[Extracted material]
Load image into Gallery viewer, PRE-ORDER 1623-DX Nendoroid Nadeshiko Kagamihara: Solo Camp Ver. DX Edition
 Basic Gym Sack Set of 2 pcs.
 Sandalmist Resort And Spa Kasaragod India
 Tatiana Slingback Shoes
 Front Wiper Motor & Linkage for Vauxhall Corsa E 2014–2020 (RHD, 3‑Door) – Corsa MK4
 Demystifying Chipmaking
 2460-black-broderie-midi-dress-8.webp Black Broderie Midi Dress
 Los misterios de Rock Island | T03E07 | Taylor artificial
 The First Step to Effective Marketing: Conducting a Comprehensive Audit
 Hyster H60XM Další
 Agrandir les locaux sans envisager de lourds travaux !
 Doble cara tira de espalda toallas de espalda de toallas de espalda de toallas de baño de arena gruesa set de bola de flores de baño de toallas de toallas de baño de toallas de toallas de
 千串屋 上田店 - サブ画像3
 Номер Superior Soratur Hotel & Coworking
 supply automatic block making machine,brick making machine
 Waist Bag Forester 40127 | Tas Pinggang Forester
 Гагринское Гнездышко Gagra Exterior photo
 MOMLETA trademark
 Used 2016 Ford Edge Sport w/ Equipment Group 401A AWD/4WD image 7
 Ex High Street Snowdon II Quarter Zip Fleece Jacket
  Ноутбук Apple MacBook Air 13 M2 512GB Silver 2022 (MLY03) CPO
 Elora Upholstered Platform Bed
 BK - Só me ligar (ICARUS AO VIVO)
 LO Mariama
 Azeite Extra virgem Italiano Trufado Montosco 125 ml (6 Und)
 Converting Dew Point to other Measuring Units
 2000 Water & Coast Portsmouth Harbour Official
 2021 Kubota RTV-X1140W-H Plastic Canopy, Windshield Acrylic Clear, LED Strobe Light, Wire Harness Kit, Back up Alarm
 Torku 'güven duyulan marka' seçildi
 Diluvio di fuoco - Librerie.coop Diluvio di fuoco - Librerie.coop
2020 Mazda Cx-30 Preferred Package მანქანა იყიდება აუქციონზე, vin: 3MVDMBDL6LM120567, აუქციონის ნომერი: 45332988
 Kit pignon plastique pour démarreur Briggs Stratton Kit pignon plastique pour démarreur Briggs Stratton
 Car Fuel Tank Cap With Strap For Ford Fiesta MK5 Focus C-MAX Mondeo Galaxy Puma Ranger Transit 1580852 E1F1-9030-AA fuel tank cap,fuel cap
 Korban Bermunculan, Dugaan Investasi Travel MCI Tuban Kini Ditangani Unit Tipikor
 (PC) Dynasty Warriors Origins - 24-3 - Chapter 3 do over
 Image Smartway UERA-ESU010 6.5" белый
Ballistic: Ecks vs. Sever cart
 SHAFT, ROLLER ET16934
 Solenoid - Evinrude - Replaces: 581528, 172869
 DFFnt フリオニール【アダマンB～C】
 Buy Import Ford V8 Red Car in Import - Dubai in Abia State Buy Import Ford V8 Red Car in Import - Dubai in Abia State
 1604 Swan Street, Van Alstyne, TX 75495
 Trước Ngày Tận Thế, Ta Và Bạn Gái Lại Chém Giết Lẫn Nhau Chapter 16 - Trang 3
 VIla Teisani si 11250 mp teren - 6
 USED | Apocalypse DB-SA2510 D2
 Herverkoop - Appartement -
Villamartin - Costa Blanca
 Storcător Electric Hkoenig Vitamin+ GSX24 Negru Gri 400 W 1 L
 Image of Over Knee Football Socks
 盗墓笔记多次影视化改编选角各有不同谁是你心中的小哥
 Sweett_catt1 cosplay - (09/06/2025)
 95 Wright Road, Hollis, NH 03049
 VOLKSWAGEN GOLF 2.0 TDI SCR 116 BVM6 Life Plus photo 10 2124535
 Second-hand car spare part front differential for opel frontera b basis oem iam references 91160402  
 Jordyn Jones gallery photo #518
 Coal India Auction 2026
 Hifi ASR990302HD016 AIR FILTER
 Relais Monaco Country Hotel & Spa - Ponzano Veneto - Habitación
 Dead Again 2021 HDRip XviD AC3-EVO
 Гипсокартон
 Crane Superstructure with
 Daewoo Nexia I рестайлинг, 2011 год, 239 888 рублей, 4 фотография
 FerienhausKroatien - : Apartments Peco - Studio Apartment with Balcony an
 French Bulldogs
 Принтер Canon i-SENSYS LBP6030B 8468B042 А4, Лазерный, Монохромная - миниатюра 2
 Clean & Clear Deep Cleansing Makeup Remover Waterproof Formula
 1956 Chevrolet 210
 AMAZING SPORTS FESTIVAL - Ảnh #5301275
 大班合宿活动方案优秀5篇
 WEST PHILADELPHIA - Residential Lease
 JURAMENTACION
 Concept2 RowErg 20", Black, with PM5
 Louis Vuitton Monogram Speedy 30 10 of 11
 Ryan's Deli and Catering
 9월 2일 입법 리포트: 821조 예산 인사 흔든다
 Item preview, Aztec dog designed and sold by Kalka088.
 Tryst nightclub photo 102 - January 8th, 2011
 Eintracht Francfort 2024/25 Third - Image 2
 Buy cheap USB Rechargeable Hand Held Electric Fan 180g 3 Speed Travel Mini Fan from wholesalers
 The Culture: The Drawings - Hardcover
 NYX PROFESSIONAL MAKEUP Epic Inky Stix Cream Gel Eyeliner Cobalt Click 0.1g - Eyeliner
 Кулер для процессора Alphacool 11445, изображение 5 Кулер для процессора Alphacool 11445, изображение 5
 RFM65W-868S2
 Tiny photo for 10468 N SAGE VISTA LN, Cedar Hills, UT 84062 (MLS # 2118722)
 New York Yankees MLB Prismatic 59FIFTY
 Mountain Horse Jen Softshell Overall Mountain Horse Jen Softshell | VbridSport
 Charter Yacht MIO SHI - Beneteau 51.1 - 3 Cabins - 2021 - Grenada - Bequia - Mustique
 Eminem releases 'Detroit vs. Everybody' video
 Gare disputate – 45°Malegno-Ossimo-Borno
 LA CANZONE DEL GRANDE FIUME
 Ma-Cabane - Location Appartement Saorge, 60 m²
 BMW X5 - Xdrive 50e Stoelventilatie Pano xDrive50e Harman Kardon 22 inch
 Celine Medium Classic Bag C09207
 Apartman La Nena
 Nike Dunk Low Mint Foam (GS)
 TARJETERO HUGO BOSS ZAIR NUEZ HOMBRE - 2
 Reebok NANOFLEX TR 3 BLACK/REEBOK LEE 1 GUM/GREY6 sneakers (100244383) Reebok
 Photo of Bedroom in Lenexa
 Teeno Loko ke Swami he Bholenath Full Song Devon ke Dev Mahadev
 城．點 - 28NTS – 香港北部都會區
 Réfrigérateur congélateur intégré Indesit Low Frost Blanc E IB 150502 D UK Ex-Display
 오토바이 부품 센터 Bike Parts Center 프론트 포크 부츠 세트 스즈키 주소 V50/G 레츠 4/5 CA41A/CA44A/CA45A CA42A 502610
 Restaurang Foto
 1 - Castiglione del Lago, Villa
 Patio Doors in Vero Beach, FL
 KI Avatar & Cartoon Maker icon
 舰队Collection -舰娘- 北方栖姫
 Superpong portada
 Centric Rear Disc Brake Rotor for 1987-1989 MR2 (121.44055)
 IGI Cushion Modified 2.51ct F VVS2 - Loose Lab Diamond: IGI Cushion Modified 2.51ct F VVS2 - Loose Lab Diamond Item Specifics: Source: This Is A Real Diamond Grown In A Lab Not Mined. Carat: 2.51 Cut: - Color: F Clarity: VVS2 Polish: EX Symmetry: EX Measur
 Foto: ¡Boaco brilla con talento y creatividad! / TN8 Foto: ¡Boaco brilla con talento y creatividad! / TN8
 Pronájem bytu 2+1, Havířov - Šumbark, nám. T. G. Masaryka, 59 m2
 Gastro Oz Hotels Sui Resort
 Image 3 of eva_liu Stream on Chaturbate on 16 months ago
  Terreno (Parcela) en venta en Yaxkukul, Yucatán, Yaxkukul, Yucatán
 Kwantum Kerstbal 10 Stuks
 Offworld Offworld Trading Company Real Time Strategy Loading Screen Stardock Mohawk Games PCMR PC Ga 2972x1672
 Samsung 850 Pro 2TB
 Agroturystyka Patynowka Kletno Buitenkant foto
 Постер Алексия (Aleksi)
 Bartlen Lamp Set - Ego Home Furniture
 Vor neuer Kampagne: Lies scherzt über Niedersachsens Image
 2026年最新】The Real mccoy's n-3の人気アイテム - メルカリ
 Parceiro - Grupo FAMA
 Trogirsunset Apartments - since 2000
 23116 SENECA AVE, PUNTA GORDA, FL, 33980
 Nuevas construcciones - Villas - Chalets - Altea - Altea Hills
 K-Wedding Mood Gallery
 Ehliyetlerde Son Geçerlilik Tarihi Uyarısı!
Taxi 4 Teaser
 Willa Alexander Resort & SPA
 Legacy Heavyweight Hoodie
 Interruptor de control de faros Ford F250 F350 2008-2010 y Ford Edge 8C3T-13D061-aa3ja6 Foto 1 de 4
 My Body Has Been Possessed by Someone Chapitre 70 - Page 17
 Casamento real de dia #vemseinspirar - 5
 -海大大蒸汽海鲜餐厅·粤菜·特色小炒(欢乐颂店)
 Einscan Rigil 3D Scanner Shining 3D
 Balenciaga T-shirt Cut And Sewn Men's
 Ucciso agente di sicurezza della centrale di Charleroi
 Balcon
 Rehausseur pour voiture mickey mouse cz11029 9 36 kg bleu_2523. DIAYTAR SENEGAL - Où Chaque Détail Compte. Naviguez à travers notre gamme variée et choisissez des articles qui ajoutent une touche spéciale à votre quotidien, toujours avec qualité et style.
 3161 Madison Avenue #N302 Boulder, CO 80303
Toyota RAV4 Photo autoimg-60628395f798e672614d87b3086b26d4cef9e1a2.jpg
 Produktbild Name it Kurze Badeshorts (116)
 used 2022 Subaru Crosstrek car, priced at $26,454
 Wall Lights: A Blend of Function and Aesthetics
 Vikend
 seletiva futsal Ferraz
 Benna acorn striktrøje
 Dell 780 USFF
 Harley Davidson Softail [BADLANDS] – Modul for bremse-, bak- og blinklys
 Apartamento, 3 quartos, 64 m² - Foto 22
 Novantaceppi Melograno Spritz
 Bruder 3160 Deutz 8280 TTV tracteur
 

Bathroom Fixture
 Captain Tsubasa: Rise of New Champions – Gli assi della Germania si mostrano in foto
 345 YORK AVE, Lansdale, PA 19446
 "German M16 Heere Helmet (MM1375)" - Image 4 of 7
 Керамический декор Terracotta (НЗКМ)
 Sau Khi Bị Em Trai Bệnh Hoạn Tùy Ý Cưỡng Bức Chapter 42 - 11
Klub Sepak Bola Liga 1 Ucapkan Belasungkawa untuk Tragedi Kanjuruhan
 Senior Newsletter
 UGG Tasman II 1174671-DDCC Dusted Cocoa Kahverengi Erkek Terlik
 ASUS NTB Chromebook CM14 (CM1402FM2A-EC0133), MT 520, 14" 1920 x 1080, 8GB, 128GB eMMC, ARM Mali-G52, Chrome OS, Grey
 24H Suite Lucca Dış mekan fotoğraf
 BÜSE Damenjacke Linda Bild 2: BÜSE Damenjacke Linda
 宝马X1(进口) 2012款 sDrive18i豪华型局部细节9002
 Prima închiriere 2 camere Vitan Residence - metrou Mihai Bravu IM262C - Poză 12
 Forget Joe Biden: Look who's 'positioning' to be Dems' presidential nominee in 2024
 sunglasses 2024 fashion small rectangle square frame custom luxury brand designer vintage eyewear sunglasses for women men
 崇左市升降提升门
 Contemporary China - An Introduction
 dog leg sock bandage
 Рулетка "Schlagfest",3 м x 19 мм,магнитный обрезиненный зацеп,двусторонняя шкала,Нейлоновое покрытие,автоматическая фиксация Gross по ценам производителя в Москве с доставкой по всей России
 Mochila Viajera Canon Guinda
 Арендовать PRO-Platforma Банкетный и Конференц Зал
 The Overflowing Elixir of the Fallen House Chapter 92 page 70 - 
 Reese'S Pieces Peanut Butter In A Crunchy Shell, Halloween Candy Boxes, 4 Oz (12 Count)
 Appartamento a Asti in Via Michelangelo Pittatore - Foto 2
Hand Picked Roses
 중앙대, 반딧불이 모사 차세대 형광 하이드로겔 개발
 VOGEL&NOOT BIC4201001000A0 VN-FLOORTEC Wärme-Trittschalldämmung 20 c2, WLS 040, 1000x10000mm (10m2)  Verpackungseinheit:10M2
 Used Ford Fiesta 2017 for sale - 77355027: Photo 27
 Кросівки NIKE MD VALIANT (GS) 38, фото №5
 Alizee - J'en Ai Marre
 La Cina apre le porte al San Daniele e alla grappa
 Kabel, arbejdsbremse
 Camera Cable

[Activity]
Gather each line in these records that contains the string "Chapter".

[Task response]
 (PC) Dynasty Warriors Origins - 24-3 - Chapter 3 do over
 Trước Ngày Tận Thế, Ta Và Bạn Gái Lại Chém Giết Lẫn Nhau Chapter 16 - Trang 3
 Sau Khi Bị Em Trai Bệnh Hoạn Tùy Ý Cưỡng Bức Chapter 42 - 11
 The Overflowing Elixir of the Fallen House Chapter 92 page 70 - 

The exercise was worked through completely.